__Assigned task__: Would you transcribe the lines running from the one that holds "Red hair woman" to the last line of the records? Leave every picture out.

__Supplied material__:
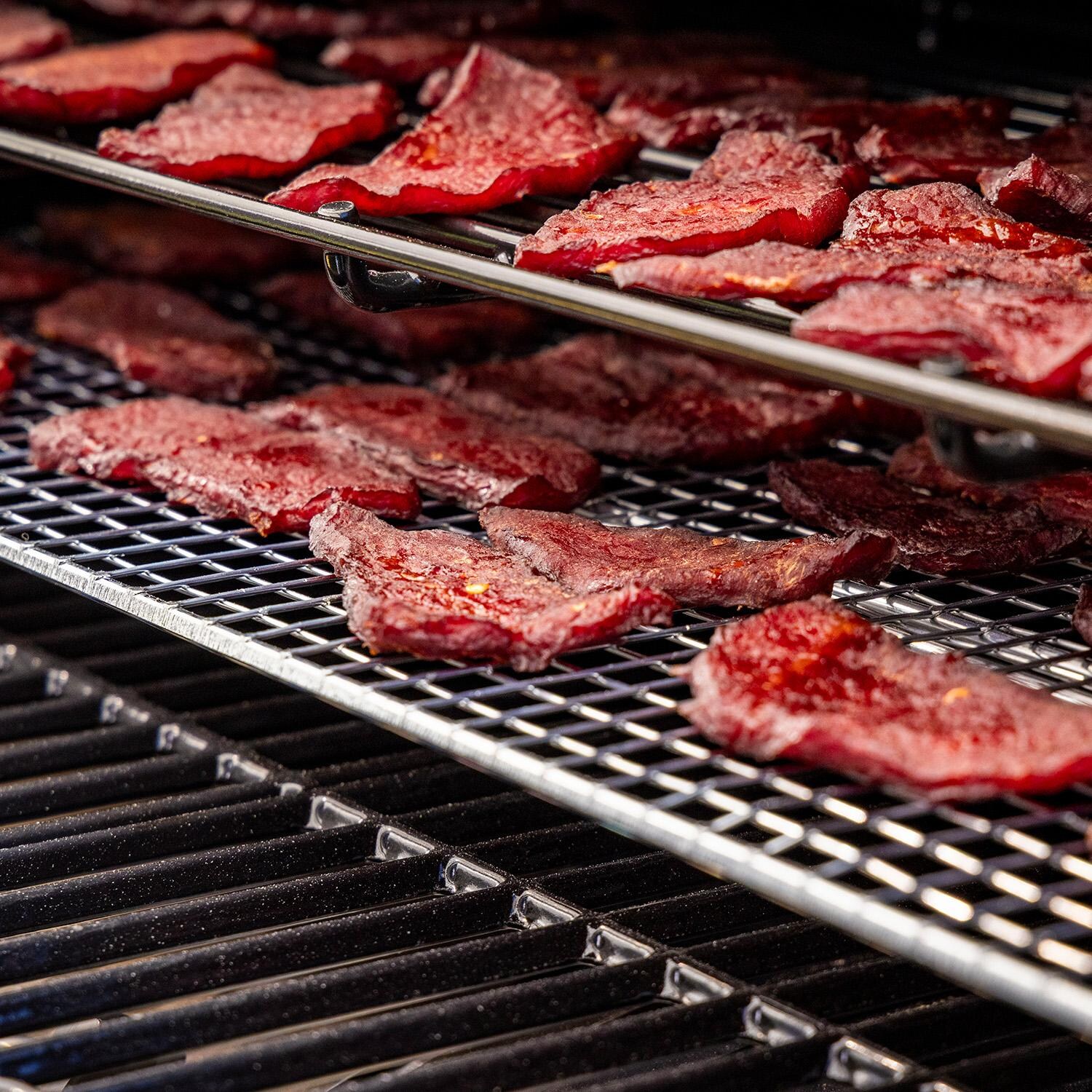 Pit Boss 11107 Sportsman 1100 Pellet Grill w/ WiFi - Cooking Meat - Detail thumbnail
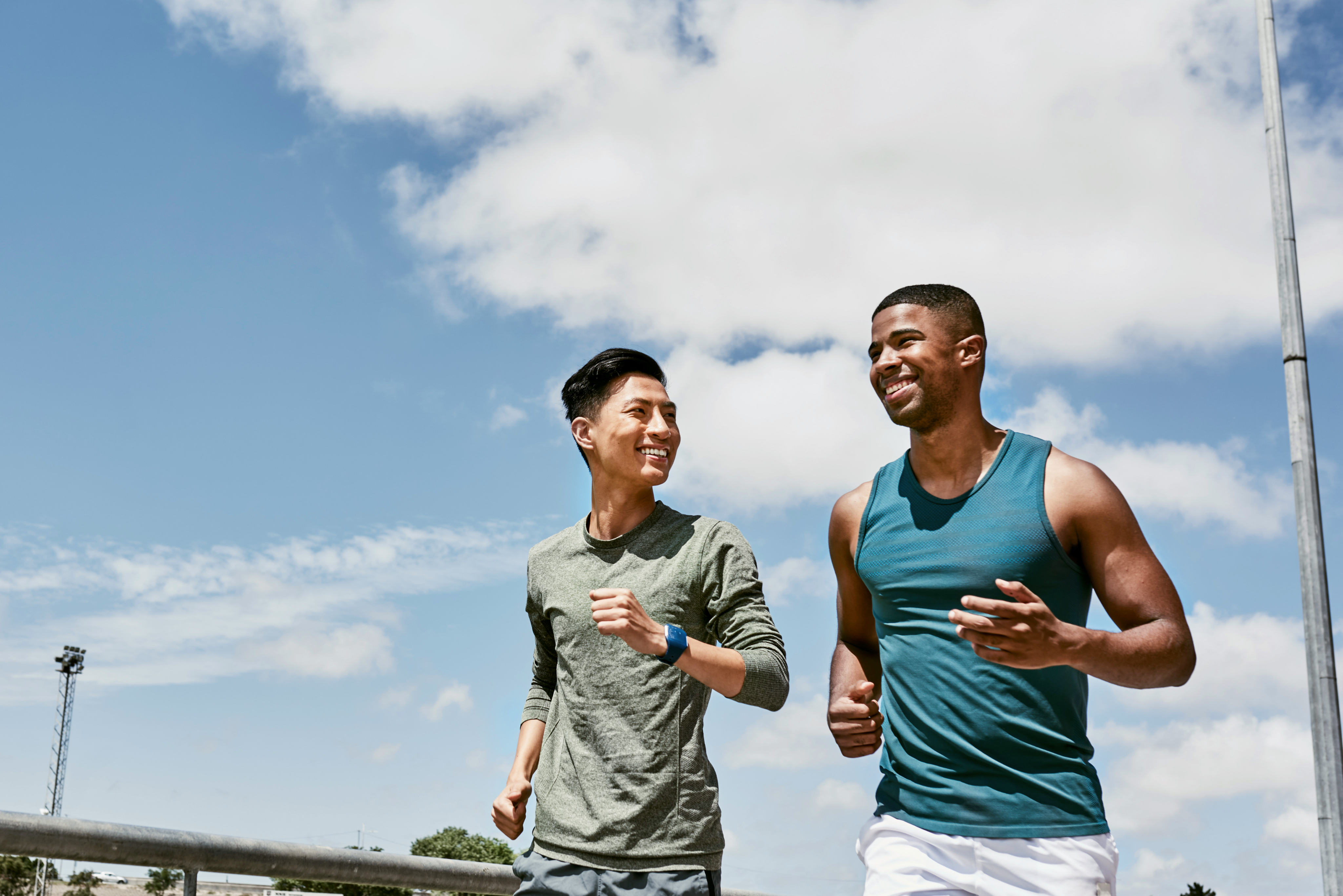 two young men jogging together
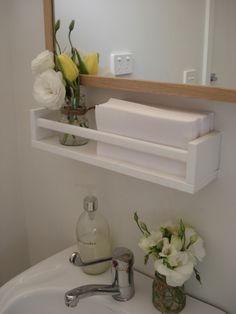 a bathroom sink with flowers and soap on the shelf next to it in front of a mirror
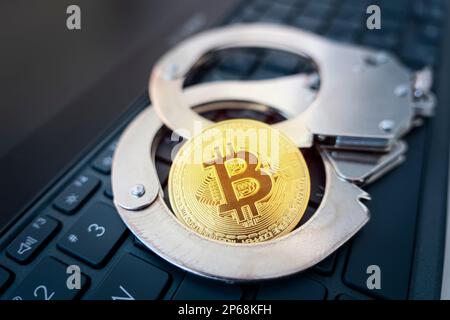 a golden bitcoin on the background of handcuffs and a black laptop keyboard. Prohibition of the sale and purchase of bitcoin and cryptocurrencies. Stock Photo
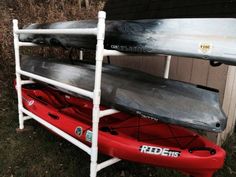 two kayaks are stacked on top of each other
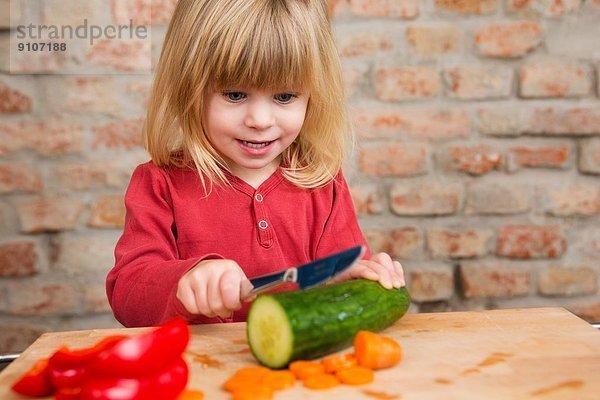 Zweijähriges Mädchen in der Küche lernt Gemüse zu schneiden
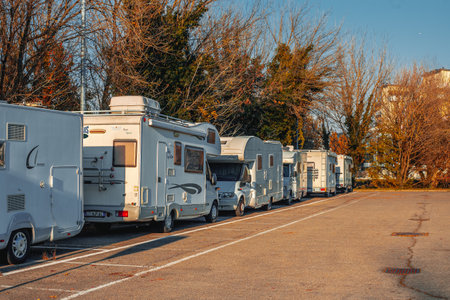 Milan, Italy 28.11.2023 Many white modern campervan recreational motor home vehicles parked in row at camper park site Milan city. Motorhome campground stataion travel destination.のeditorial素材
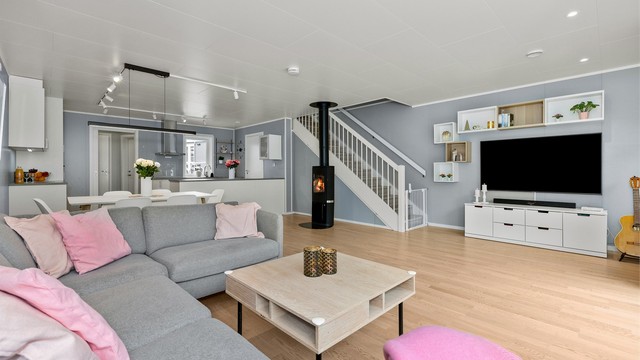 Fin åpen løsning mellom stue og kjøkken som gir god kommunikasjon mellom romdelene. Stilig peisovn som gir lun varme på ekstra kalde dager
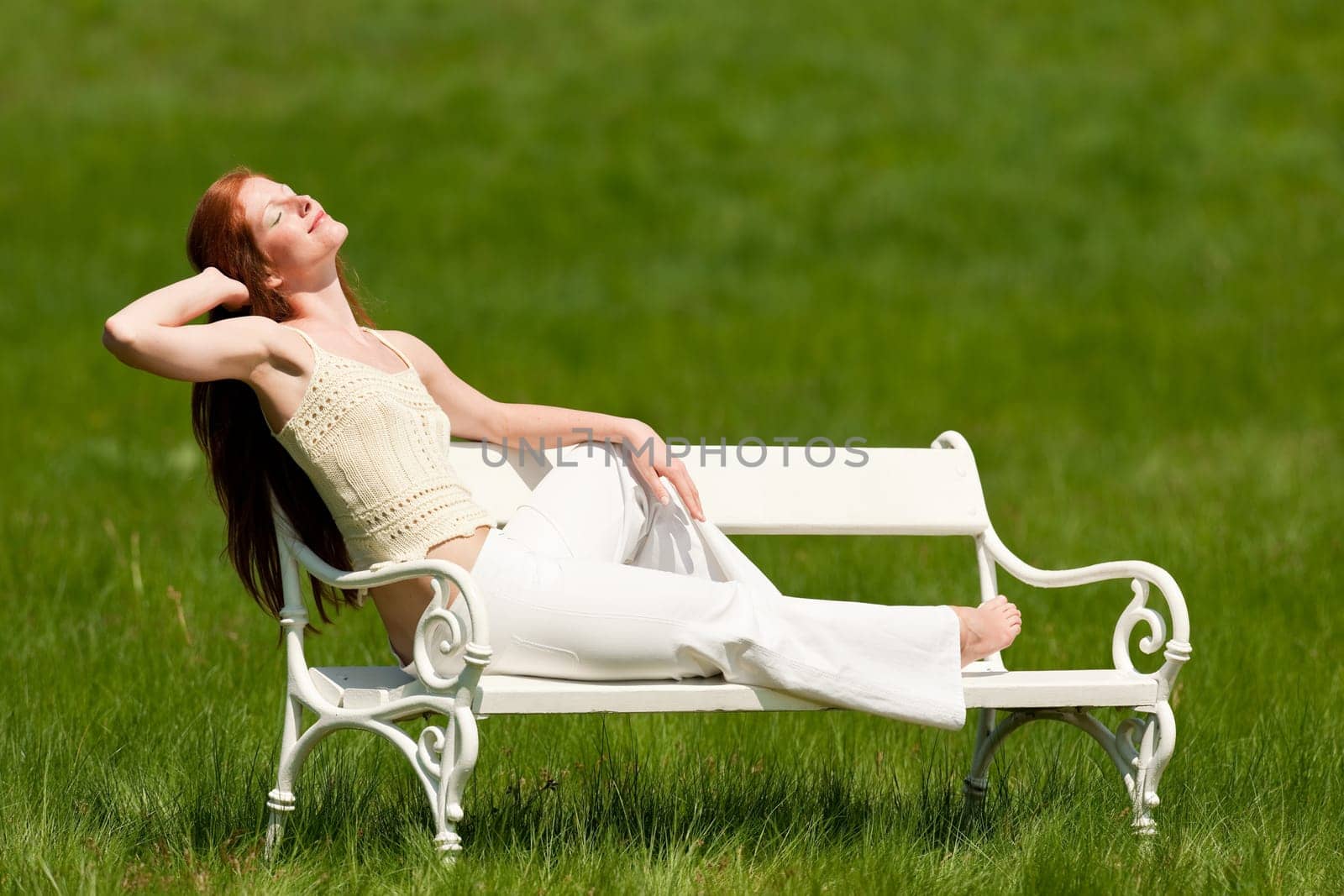 Red hair woman enjoying sun on white bench in a meadow shallow DOF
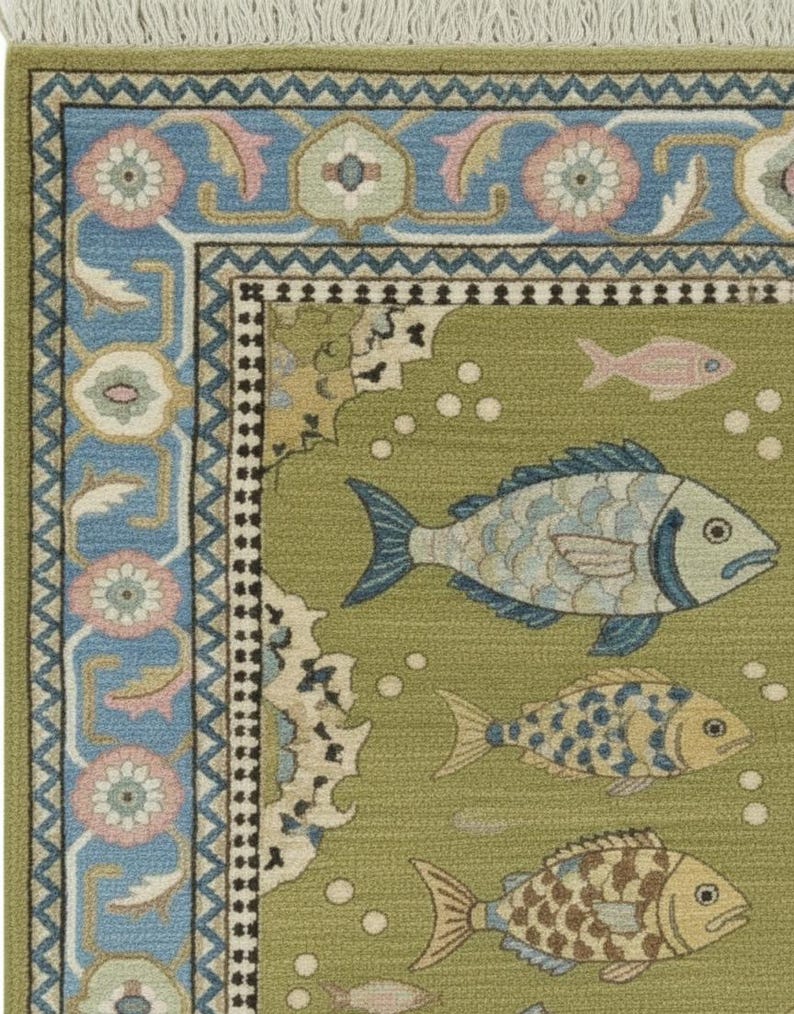 May include: A detailed close-up of a green rug with a fish pattern. The rug features a border with blue and pink floral designs. The main field of the rug has several fish in shades of blue, yellow, and brown, with white bubbles.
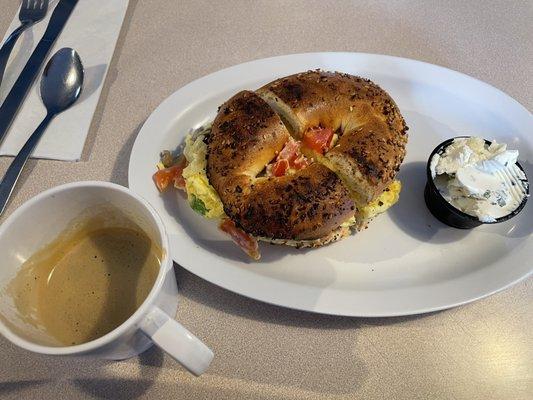 Espresso in a mug. Veggie egg sandwich with chive cream cheese on the side.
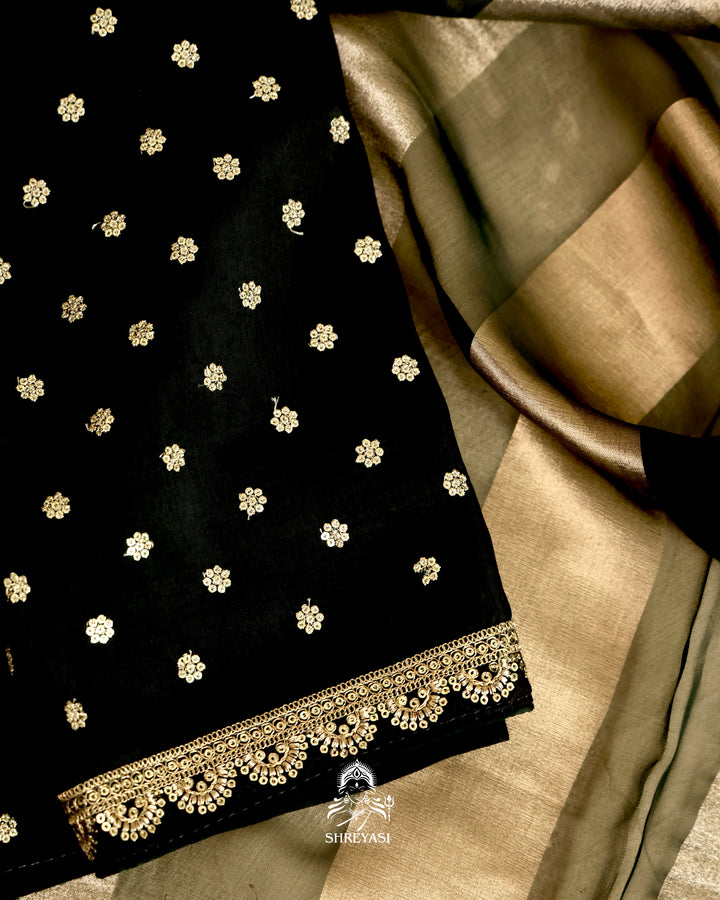 Organza silk saree with broad woven zari stripes, scalloped edges, ornate metallic borders, and a coordinating blouse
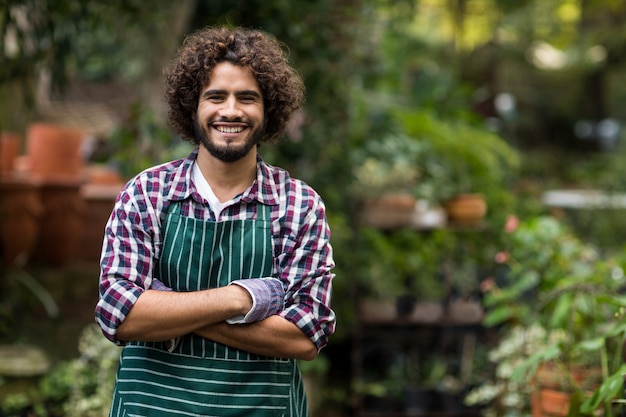 Jardineiro masculino confiante em pé na estufa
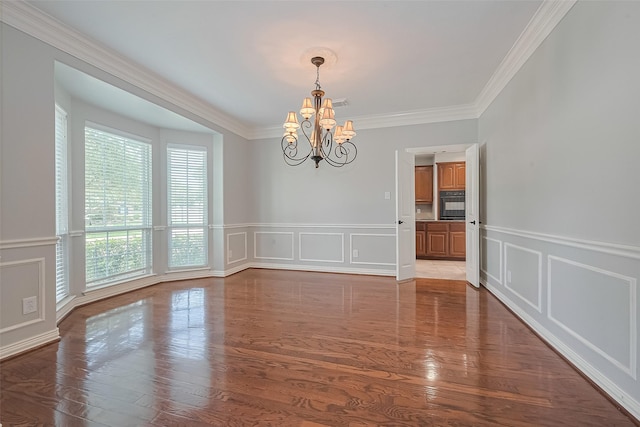20807 Twisted Leaf Dr, Cypress, TX 77433 - unfurnished room featuring a decorative wall, a chandelier, plenty of natural light, crown molding, and wood finished floors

__Solved exercise__:
 Red hair woman enjoying sun on white bench in a meadow shallow DOF
 May include: A detailed close-up of a green rug with a fish pattern. The rug features a border with blue and pink floral designs. The main field of the rug has several fish in shades of blue, yellow, and brown, with white bubbles.
 Espresso in a mug. Veggie egg sandwich with chive cream cheese on the side.
 Organza silk saree with broad woven zari stripes, scalloped edges, ornate metallic borders, and a coordinating blouse
 Jardineiro masculino confiante em pé na estufa
20807 Twisted Leaf Dr, Cypress, TX 77433 - unfurnished room featuring a decorative wall, a chandelier, plenty of natural light, crown molding, and wood finished floors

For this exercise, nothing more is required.